What is needed: With the pictures left out, reproduce exactly the lines from the one containing "Bild: Mammut im Badehaus" through the final line of the entries.
+++
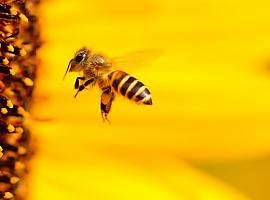 El Principado lanza un plan de 462.000 euros para blindar la apicultura asturiana frente a enfermedades, fauna salvaje y el cambio climático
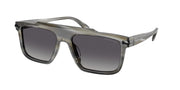 Michael Kors MK2278U Horn Sunglasses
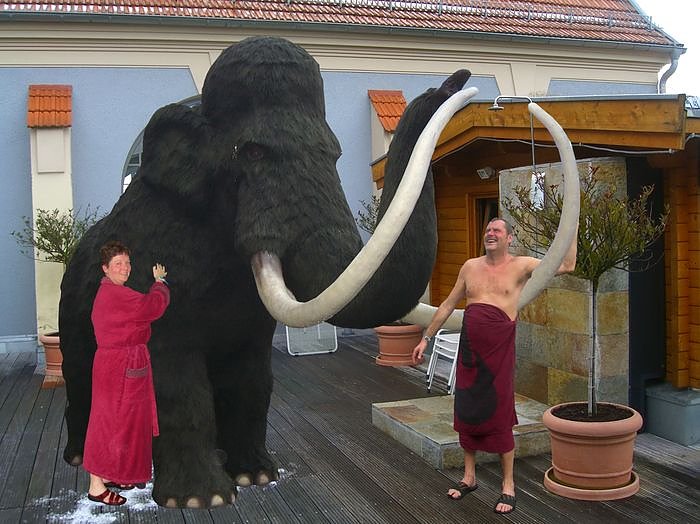 Bild: Mammut im Badehaus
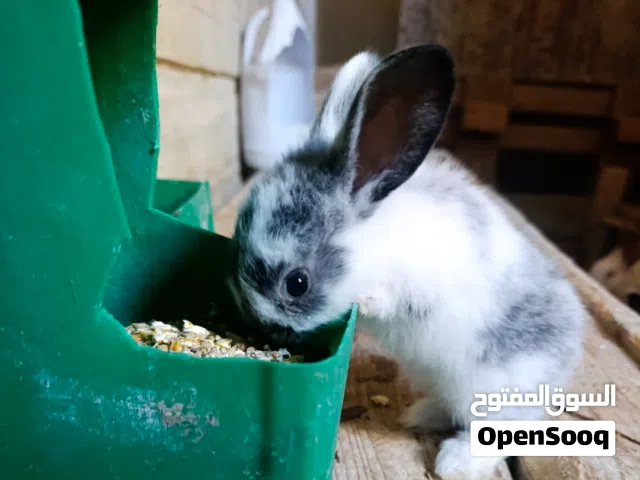 أرانب. ببيوني/ أسد /فرنسي/
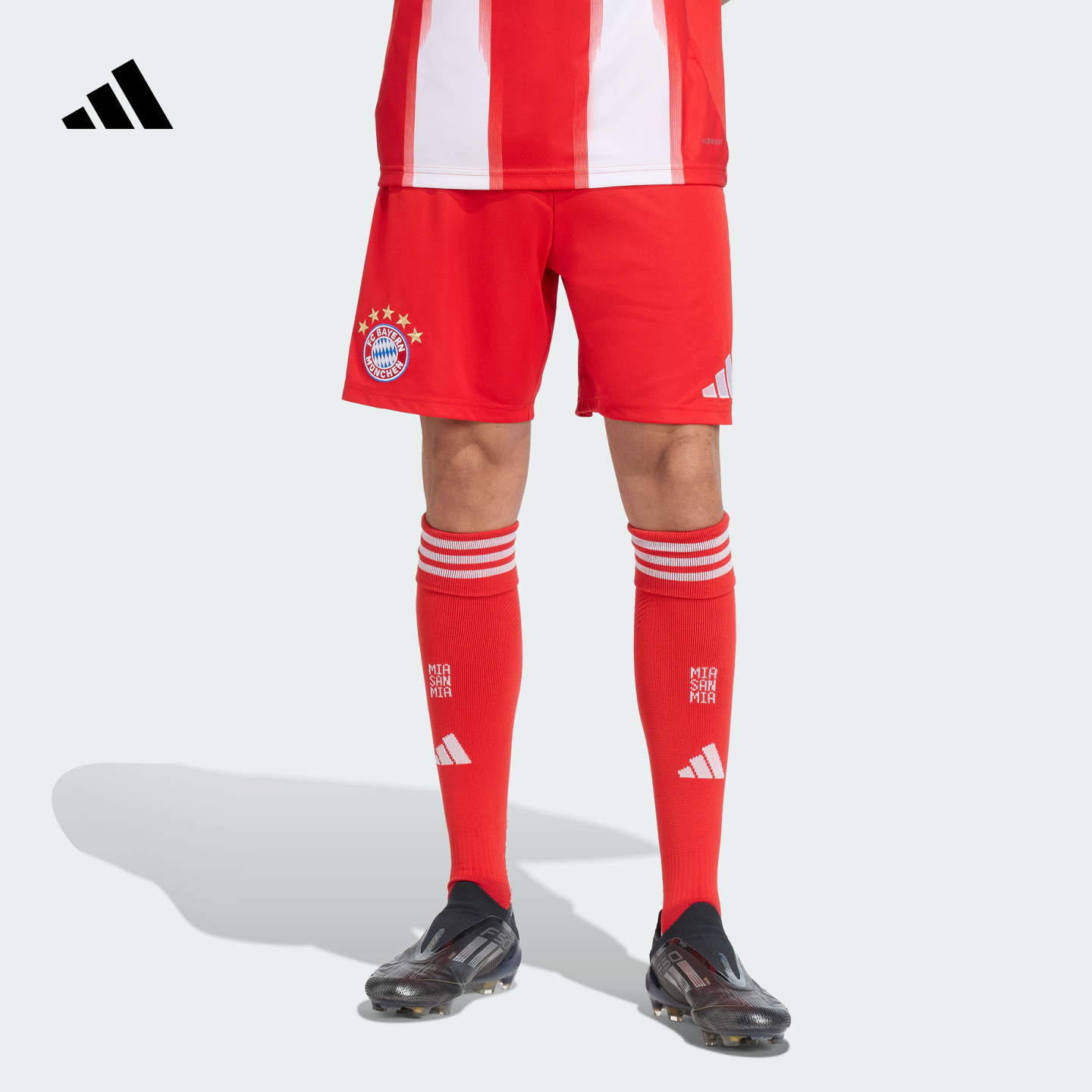 半岛体育教练-包含拜仁慕尼黑球迷怀着信念前往球场的词条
+++
Solution:
 Bild: Mammut im Badehaus
 أرانب. ببيوني/ أسد /فرنسي/
 半岛体育教练-包含拜仁慕尼黑球迷怀着信念前往球场的词条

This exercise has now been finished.